ALEXANDRIA, Va. – A Philadelphia man pleaded guilty today to his role in a gas pump skimming fraud scheme in Northern Virginia and elsewhere that resulted in the theft of thousands of credit and debit cards and a loss to financial institutions and the U.S. Postal Service of nearly $500,000 in actual losses and at least $3.5 million in intended losses.
According to court documents, Timurbek Khasanov, 38, participated in a scheme that involved at least six other individuals. The scheme was carried out by attaching electronic devices known as “skimmers” to gas pump payment systems – which collected the information captured when unwitting customers swiped their payment cards at the compromised gas pumps – and then encoding the stolen card numbers onto physical payment cards. Thereafter, the encoded physical cards were used throughout Northern Virginia and elsewhere to make fraudulent ATM withdrawals and U.S. Postal Service money order purchases. Court documents show that between May and August 2017, Khasanov used these encoded physical cards to make at least $5,100 in unauthorized cash withdrawals from ATMs and to purchase at least $6,200 in U.S. Postal Service money orders.
Khasanov pleaded guilty to bank fraud and wire fraud, each of which carry maximum terms of imprisonment of 30 years, as well as aggravated identity theft, which carries a mandatory term of imprisonment of 2 years.
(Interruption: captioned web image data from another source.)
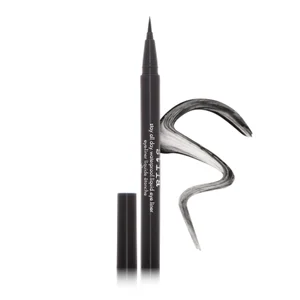 Stila Stay All Day Waterproof Liquid Eye Liner (0.016 fl. oz.) - Shade carbon black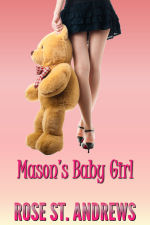 Mason's Baby Girl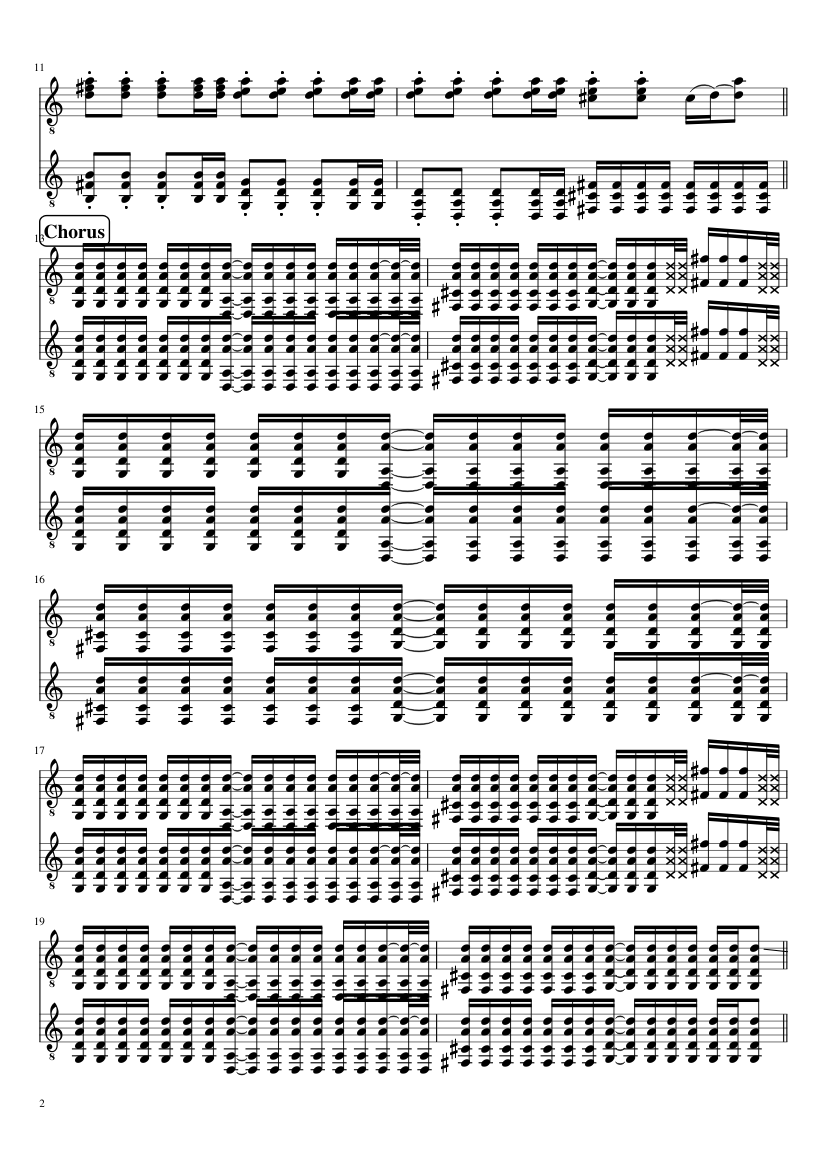 Pressure Acoustic slide, Image 2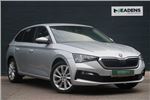 2020 Skoda Scala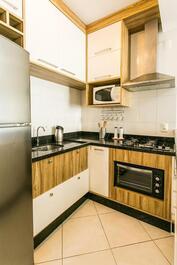 Ótimo Apartamento na Melhor região dos Ingleses Norte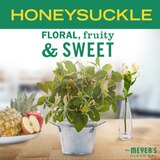 Mrs. Meyer's Clean Day Multi Surface Everyday Cleaner,  Honeysuckle, 16 oz, thumbnail image
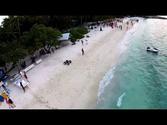 DJI Phantom 2 Vision Flight - Villingili Male' Maldives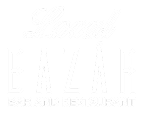 Bazar Tapas Bar logo top - Homepage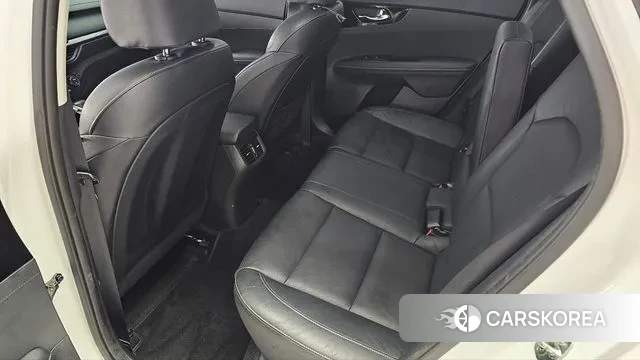 Kia Come New K3 id 3489697 из Кореи 16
Khasanov is scheduled to be sentenced on September 6. Actual sentences for federal crimes are typically less than the maximum penalties, and a federal district court judge will determine any sentence after taking into account the U.S. Sentencing Guidelines and other statutory factors.
G. Zachary Terwilliger, U.S. Attorney for the Eastern District of Virginia, Raymond Villanueva, Special Agent in Charge of U.S. Immigration and Customs Enforcement’s (ICE) Homeland Security Investigations (HSI) Washington, D.C., Matthew J. DeSarno, Special Agent in Charge, Criminal Division, FBI Washington Field Office, Peter R. Rendina, Inspector in Charge of the Washington Division of the U.S. Postal Inspection Service, and Colonel Edwin C. Roessler Jr., Fairfax County Chief of Police, made the announcement after U.S. District Judge Liam O’Grady accepted the plea. Assistant U.S. Attorneys Alexander P. Berrang and Kellen S. Dwyer are prosecuting the case.